With the Majella National Park practically on our doorstep, it probably seems a bit perverse to get into the car and drive 2 hours to the Abruzzo National Park.
The National Park of Abruzzo, Lazio and Molise – to give it its full title, and one of the three national parks that lie within Abruzzo’s boundaries – was established in 1922 and was the first of its kind anywhere in Italy.
And thanks to the fact that it’s tucked in away in Abruzzo’s remote south-west and crossed by only one main road, the Park’s remained in a relatively untouched and pristine state ever since, its very inaccessibility making it the last stronghold of the rare Marsican Brown Bear that’s now become the Park’s symbol.
But the towering scenery doesn’t of course stop at the Park’s edges and as you can meander along the borders on a few small, quiet roads – and make a couple of delightful stops along the way – it’s an especially good day out.

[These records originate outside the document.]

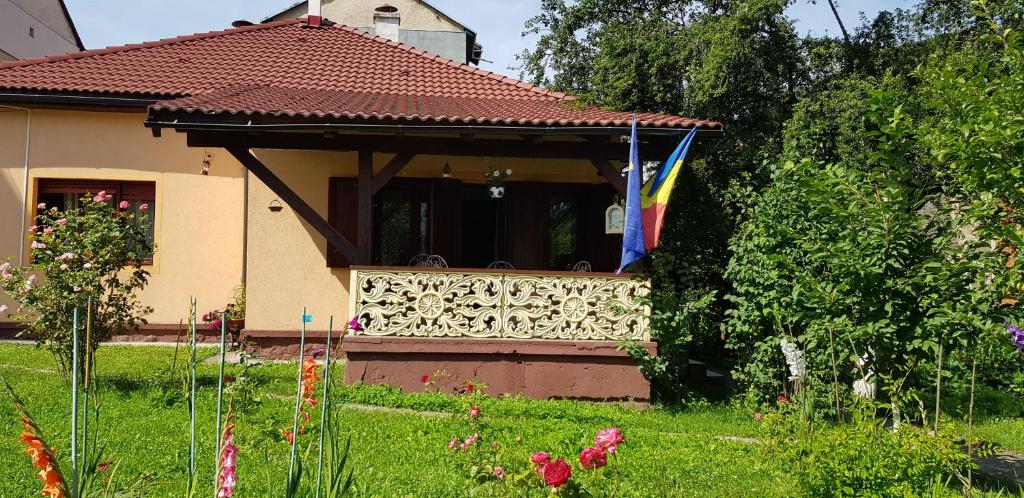 Zahrada ubytování La Mihai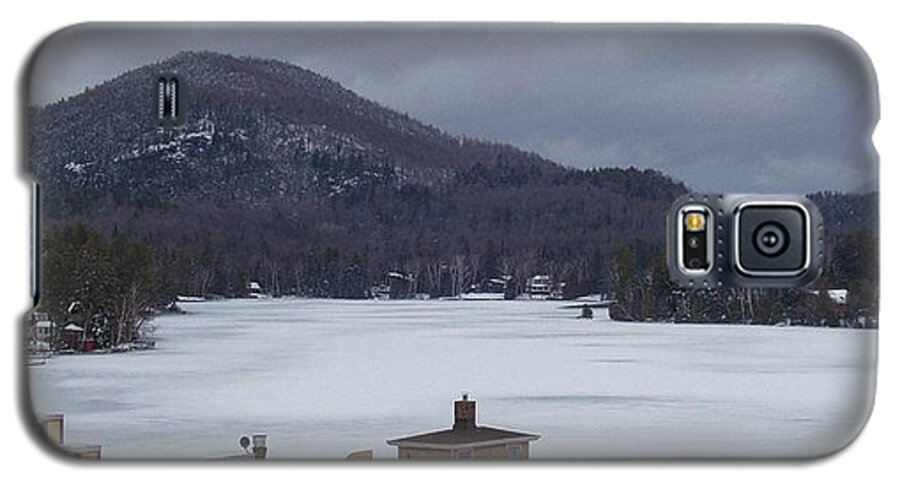 Lake Placid Snow Storm Galaxy S5 Case featuring the photograph Lake Placid Snow Storm by John Telfer
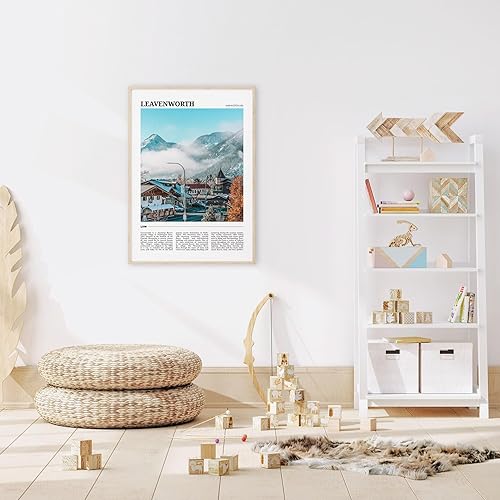 Miniatura 4 de Póster de viaje Leavenworth, arte de pared de Leavenworth, impresión de póster de Leavenworth, foto de Leavenworth, decoración de Leavenworth,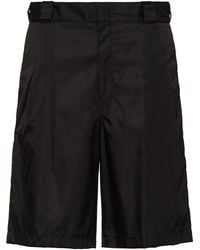 Prada - Re-Nylon Bermuda Shorts - Lyst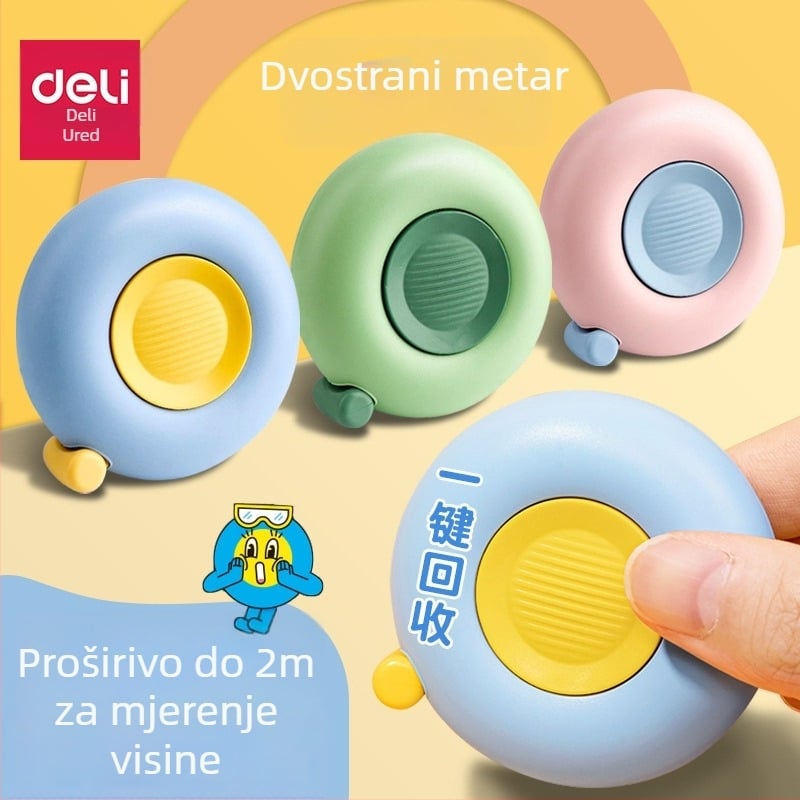 Deli TT102 Okrugla plastična mjeračka traka, model TT102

We drove into the area after coming off the A25 autostrada at Cocullo and heading south for Scanno.
The road instantly plunges you into an highly scenic; highly enjoyable; slightly white-knuckle drive through the Sagittario Gorge. Not the sort of road you’d want to take, if truth be told, in the dark; or if it was snowing; or raining; or in fact if it was anything other than a nice, bright, sunny day.
After passing the emerald tranquillity of Lago San Domenico – with stopping places thoughtfully provided at the best vantage points so you can shoot some snaps – the road will decant you at Lago di Scanno, a far bigger expanse of water known as the ‘Heart of Abruzzo’.
Why ? The answer isn’t apparent at ground level, but go high enough and you’ll see the Lake is a perfect heart shape.
It’s been developed – thankfully with a degree of restraint – into a prime leisure facility, with one large (but not too obtrusive) and just a few other small, low-rise hotels dotting the shore; boating; swimming; and plenty of places to eat, drink and relax.
We drove on another 10 minutes or so into Scanno – the ‘Pearl of Abruzzo’. The old town centre is eminently walkable and delightful. Rightly, it’s been named as one of the most picturesque villages in Italy.
Scanno’s a good stopping-point for lunch. Lots of choice: we ate outside on the large, shady terrace of the ‘Trattoria Scabello’ in the old town. Good pasta; exceptionally good scallopine al limone. About €40 for the two of us.
As you continue the drive south from Scanno to Villetta Barrea (and another big lake), you enter the National Park proper. The scenery is wild, rugged and remote and you may well have long stretches of the long anf winding – but generally good – road all to yourself.
At Valletta Barrea, turn right and cut through the park, under Monte Marsicano, heading for the delightful town of Pescasseroli, which is virtually at the Park’s dead-centre and where you’ll find a Visitor Centre.
Spend an hour or so in the town, maybe taking in the ruins of the 10th century Castel Mancino. Pescasseroli is on the Sangro River, which has its source a few miles to the north in the Marsican Mountains and eventually winds its way down for 122 kms past Casoli and into the Adriatic, a little to the south of Fossacesia Marina.
Of bears, no sign at all. And such are the vast expanses of remote, forested wilderness, the prospect of one obligingly wandering into camera shot as you happen to be passing are distinctly slim.
But there are plenty of ursine souvenirs available for visitors, including Pan d’Orso – Bear Bread – a massively heavy and indigestible cake.
Or maybe I got the wrong end of the stick and you’re supposed to leave lumps of it scattered around for bears to eat.
Aside from August, when the area around Lago di Scanno gets extremely crowded; and midwinter, when conditions can be at their bleakest, the Abruzzo National Park is a rewarding place to visit.
Mid-autumn, when the first snows have dusted the mountains and the leaves are putting on a show to rival anything in New England, would be a pretty good choice.
Or really any time you’re looking for reassurance that pockets of genuine wilderness remain in even Europe’s most populated areas.